Two very different bills restricting insurers’ use of credit-based insurance scores are pending in Alaska House and Senate committees with no clear indication as to which is more likely to move.
National Association of Independent Insurers (NAII) Northwest Regional Manager Michael Harrold said both bills present some problems for insurers and consumers but some amendments might make a proposed committee substitute for Senate Bill 320 a workable compromise. The bill is pending in the Senate Labor and Commerce Committee.
The House Labor and Commerce Committee is considering a committee substitute for House Bill 395 that is a replica of the law enacted in Washington state earlier this month. Harrold said NAII opposed the Washington law because it would deprive most consumers of the lower insurance premiums to which their favorable insurance scores would entitle them.
The committee substitute for SB 320 provides:
A credit history can be used to cancel or deny insurance only in conjunction with other substantive underwriting factors.
An insurer cannot deny coverage in whole or in part, or establish a rate, based on the absence of a credit history.
Consumers must give written or verbal authorization before an insurer may use credit information pertaining to them.
Insurance rate filings using credit scoring methodologies are confidential and proprietary.
An insurer must re-underwrite or re-rate a policy if erroneous credit information were used in making an earlier decision.
Like the Washington law, the proposed committee substitute for HB 395 severely limits insurers’ ability to use credit information. Insurers could not cancel or nonrenew auto or homeowners insurance based on credit information and could use such information to deny personal insurance only in conjunction with other “substantive” underwriting factors. The committee substitute also would place a number of restrictions on the specific factors that could go into an insurance score (i.e., number of credit inquiries, medical collections, etc.).

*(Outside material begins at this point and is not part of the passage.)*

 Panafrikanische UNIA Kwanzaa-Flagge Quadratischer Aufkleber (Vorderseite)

The sponsor of SB 320, Sen. John Cowdery, R-Anchorage, asked the Senate committee to hold up action on the bill last Thursday (Apr. 18), apparently because of his uncertainty over whether he agreed with the committee substitute.
HB 395 was debated extensively in the House committee on Friday but time ran out before the debate could be completed or the committee could act on the measure. It is not clear when the bill could be taken up again.

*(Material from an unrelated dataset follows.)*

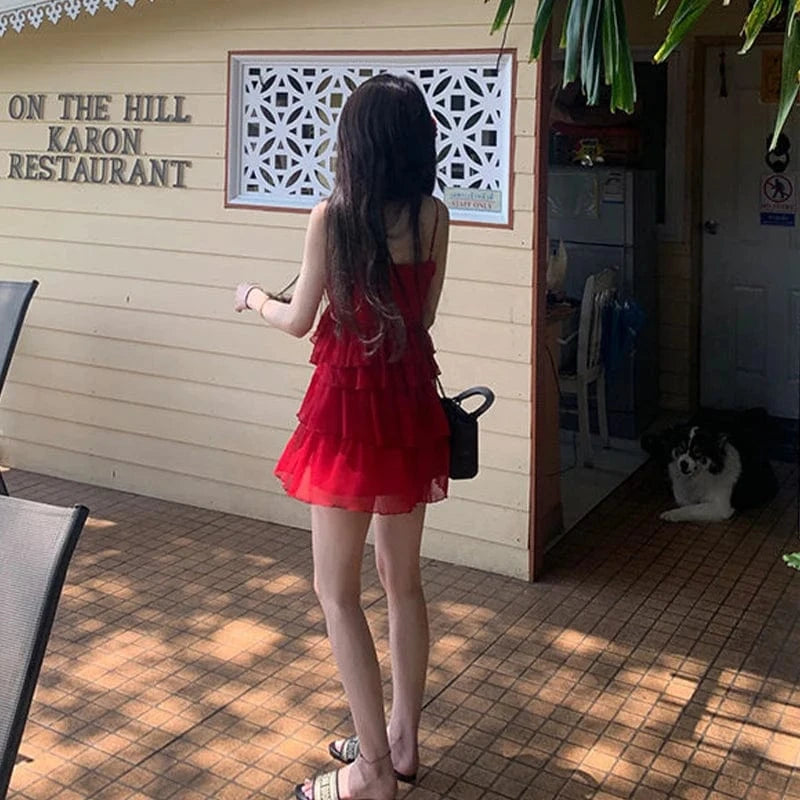 Robe de Plage à Volants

During the committee meeting, Harrold strongly refuted the contention that the Washington law had been a compromise to which the insurance industry had agreed.
In other legislative action, SB 327 passed out of the Senate Transportation Committee and now will go to the Senate State Affairs Committee. SB 327 would provide a legislative fix for two detrimental state Supreme Court rulings. One of those held that a personal umbrella policy was an auto liability policy and therefore must include an offer for uninsured/underinsured motorist (UM/UIM) coverage. The other case held that UM/UIM coverage includes coverage for punitive damage if not specifically excluded in the liability insurance policy.